Malalak – Jalur Sicincin – Malalak -Balingka (SIMAKA) ruas jalan di Bukik Baapik, Nagari Malalak Timur, kecamatan Malalak sudah dibuka kembali setelah sempat ditutup guna pembersihan material longsor menggunakan alat beratpada Kamis,10 Desember 2020.

Diketahui sebelumnya, longsor kembali menghantam ruas jalan tersebut, terjadi pasca hujan lebat disertai angin kencang yang melanda wilayah Malalak sejak Rabu sore hingga Kamis pagi ini, sehingga jajaran terkait di wilayah itu langsung bersikap dengan menutup ruas jalan tersebut, menghindari dampak terhadap warga, pasalnya masih banyak warga yang nekad melewati ruas jalan yang tertimbun sehingga banyak yang tersekat.

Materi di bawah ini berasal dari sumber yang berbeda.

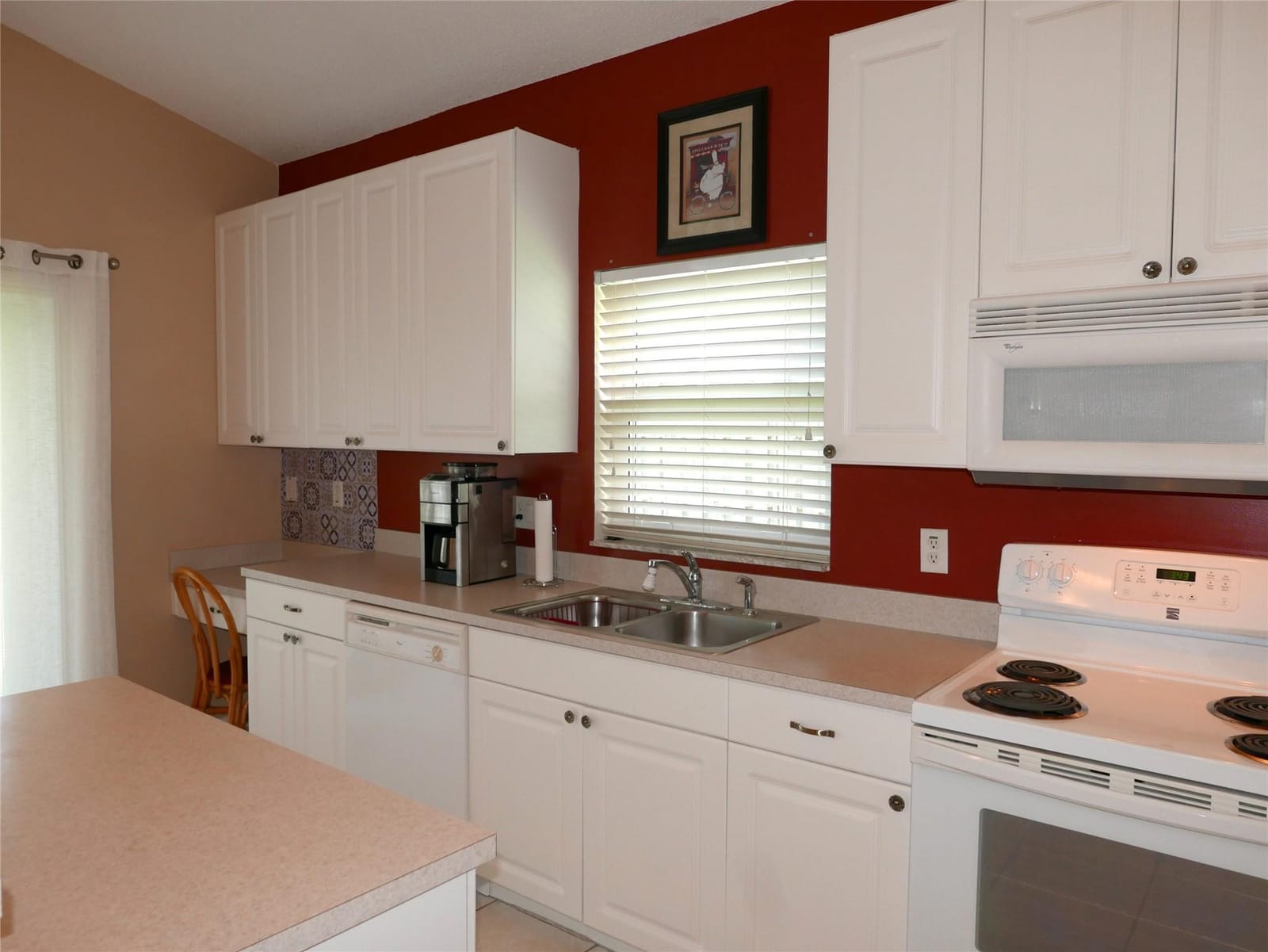 7614 COLONY LAKE Drive — photo 8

Kamis siang, 3 unit alat berat langsung bekerja membersihkan material lumpur dan batu yang menimbun permukaan jalan, yang dipantau langsung Sekab Agam M. Dt. Maruhun bersama jajaran DPUTR Sumbar, Danramil 09/IV Koto Kapten Inf. Army Parulian Nasution dan Camat Malalak Ricky Eka Putra.

Upaya pembersihan dilakukan tim gabungan yang dipantau langsung Sekab.Agam Maruhun beserta jajaran, Danramil 09/IV Koto Army Parulian Nasution dan Camat Malalak Rikcy Eka Putra Kamis siang, dimana 3 unit alat berat langsung bekerja membersihkan material lumpur dan batu yang menimbun permukaan jalan.

Saat ini, jalur jalan sudah kembali dibuka dengan sistim buka tutup di ruas yang sebelumnya tertimbun longsor. Walau demikian, warga khususnya pengguna jalan diminta untuk selalu waspada saat melintasi jalur SIMAKA tersebut, karena kondisi tebing yang longsor masih labil.

Menurut Army Nasution, ruas jalan SIMAKA sudah dibuka kembali, namun pengguna jalan diminta waspada, karena kondisi jalan masih labil.

“jalan sudah bisa dilalui mobil dan motor bisa lewat dengan sistem buka tutup, namun tetap waspada melalui, malam hari jangan lewat jalan SIMAKA,” Ujar Army Parulian Nasution

Army mengimbau masyarakat kabupaten Agam untuk meningkatkan kewaspadaan dan selalu siaga terhadap berbagai kemungkinan, karena dalam beberapa hari terakhir, potensi curah hujan disertai angin kencang masih sangat tinggi.